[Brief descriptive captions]
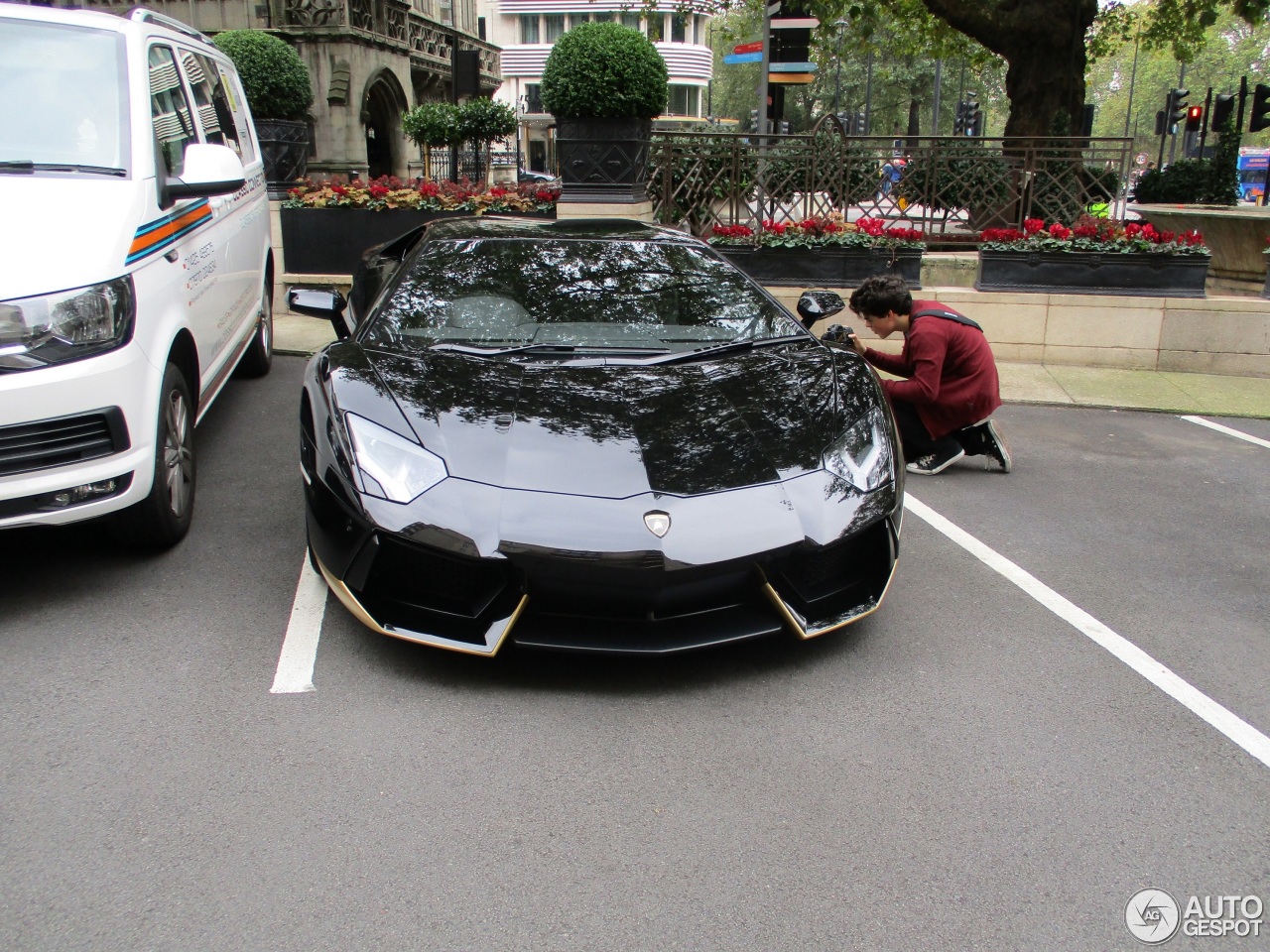 Lamborghini Aventador LP700-4 Miura Edition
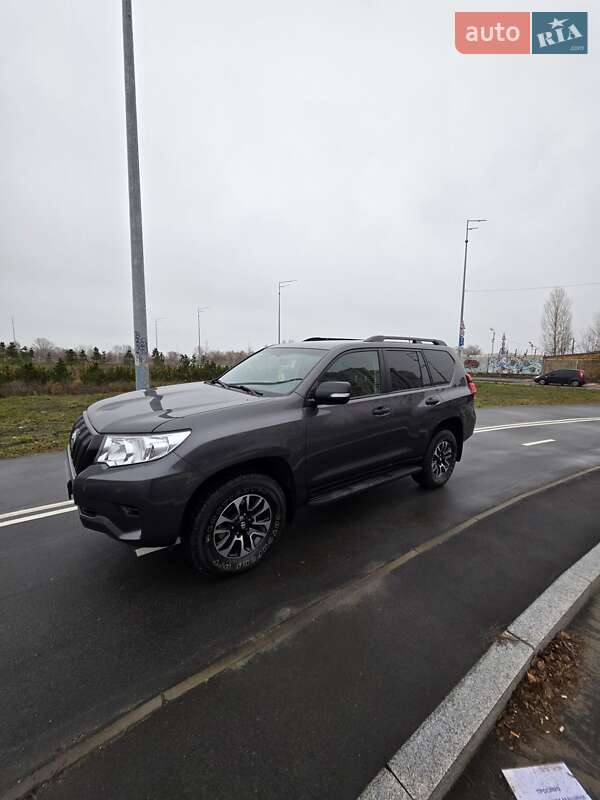 Внедорожник / Кроссовер Toyota Land Cruiser Prado 2019 в Киеве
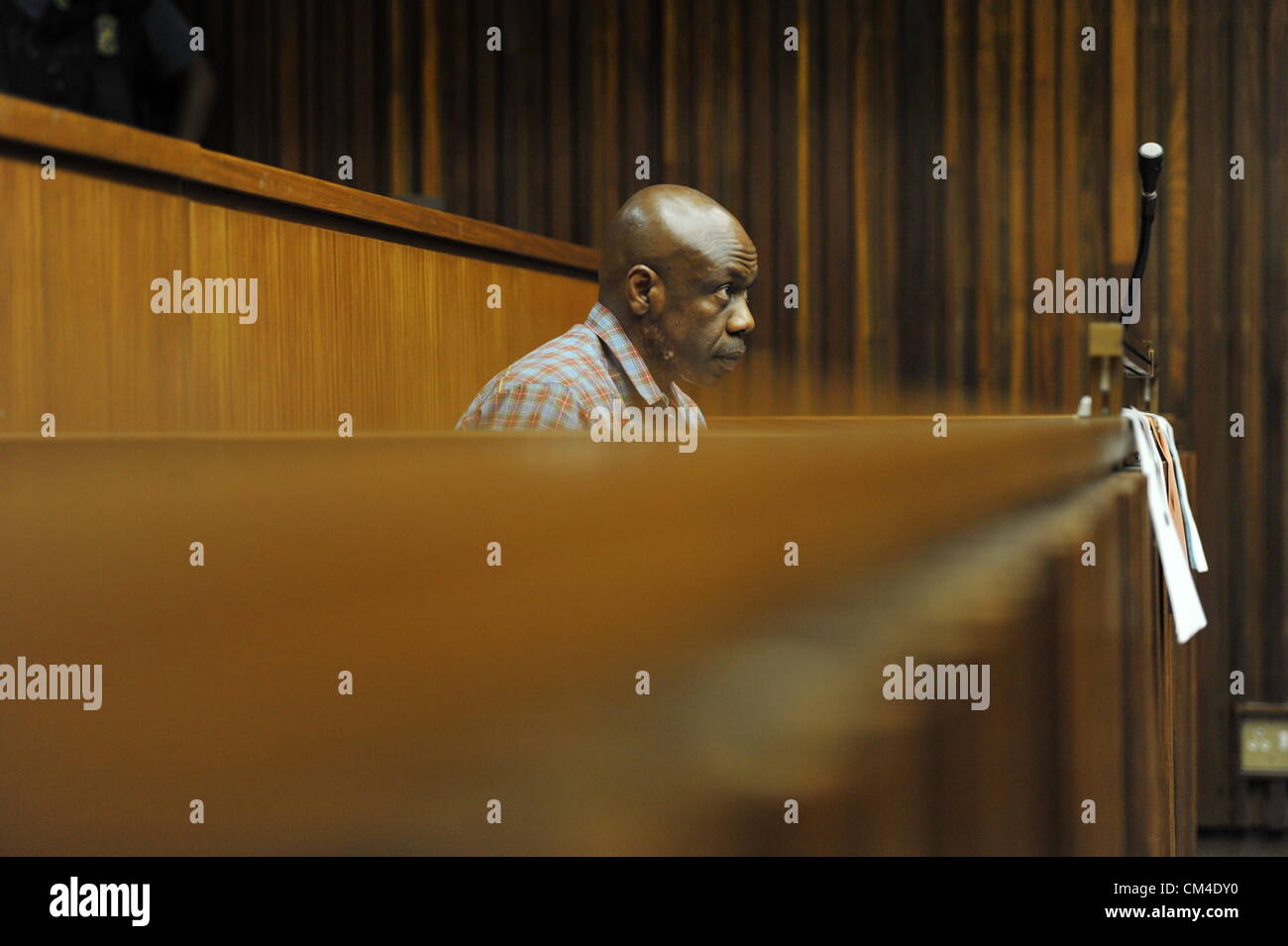 JOHANNESBURG, Südafrika: angebliche nigerianische Terrorist Henry Okah in Johannesburg High Court am 1. Oktober 2012 in Johannesburg, Südafrika. Okah ist angeklagt, Beteiligung an terroristischen Aktivitäten, Verschwörung zur engagieren in terroristische Aktivitäten und Bereitstellung, platzieren und einen Sprengsatz zu zünden. Er wurde zu den militanten Gruppe, Bewegung für die Emanzipation des Nigerdeltas (MEND) verbunden. (Foto von Gallo Images / Foto24 / Glück Maibi) Stockfoto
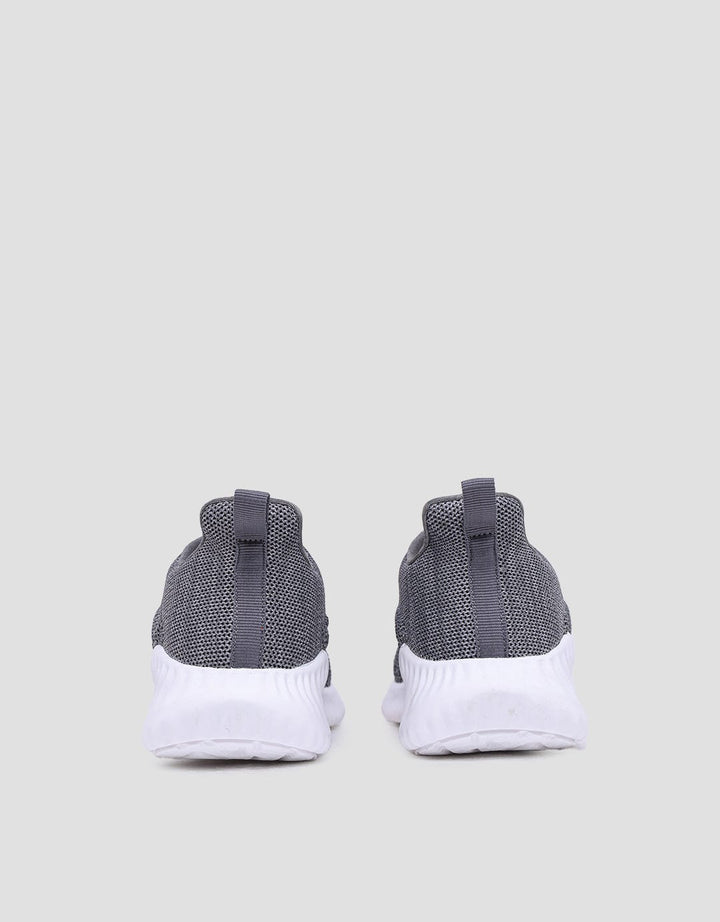 Yongki Komaladi Sepatu Pria Casual Design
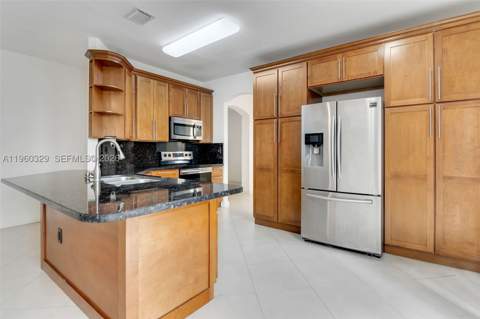 11321 NW 84th St, Doral FL - photo 7 of 29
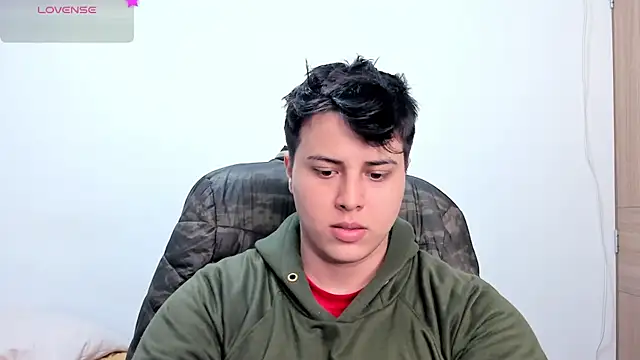 Snapshot of Thom_Ohtani chatting on September 27, 2025, 1:12 am Thom Ohtani online show from September 27, 2025, 1:12 am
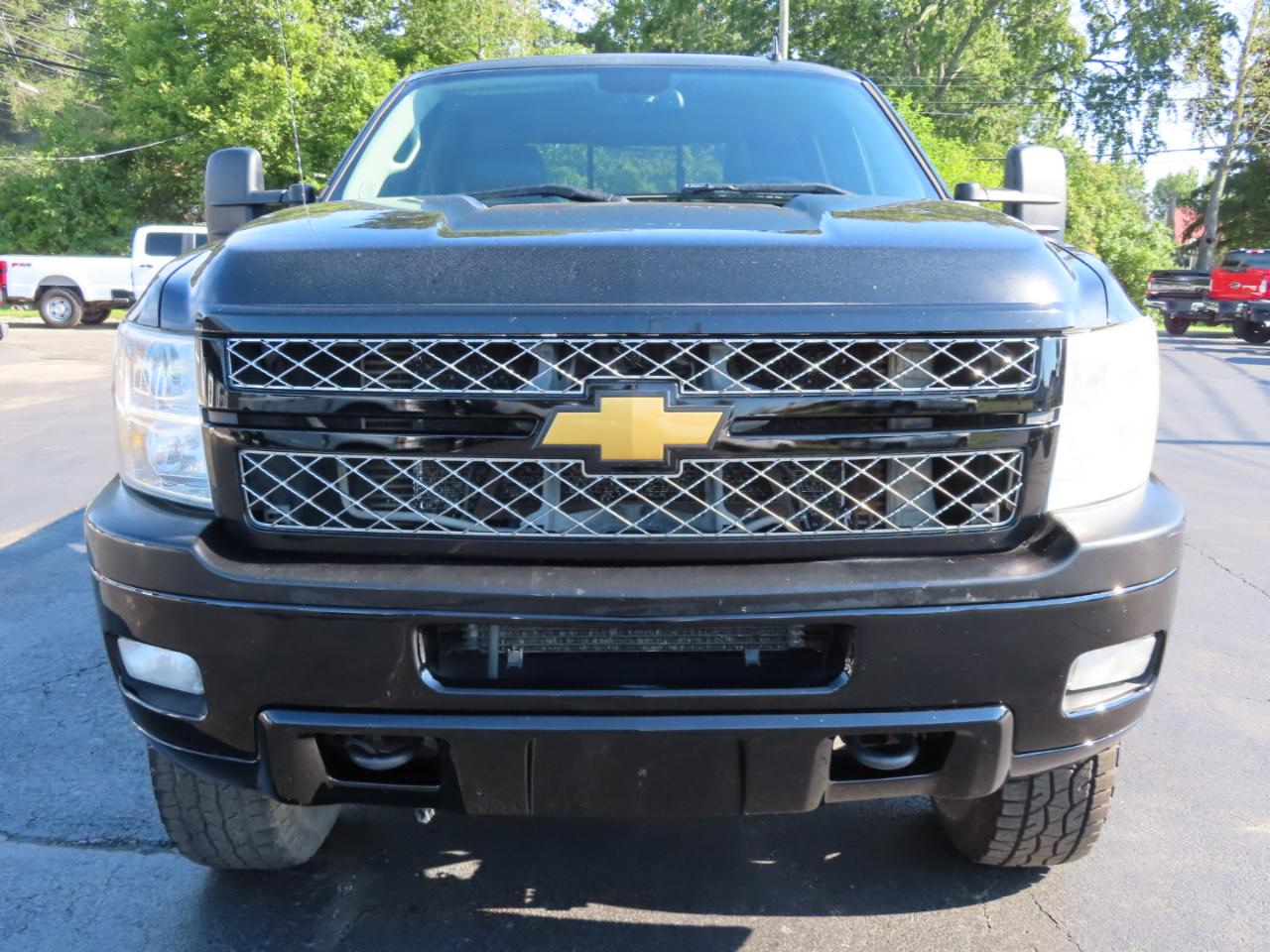 Chevrolet Silverado 3500HD 4WD Crew Cab 167.7" LTZ 2014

Work required:
Pictures are to be left out; the lines from the start of the records above through the line holding "Внедорожник / Кроссовер" are to be returned exactly.

Task result:
 Lamborghini Aventador LP700-4 Miura Edition
 Внедорожник / Кроссовер Toyota Land Cruiser Prado 2019 в Киеве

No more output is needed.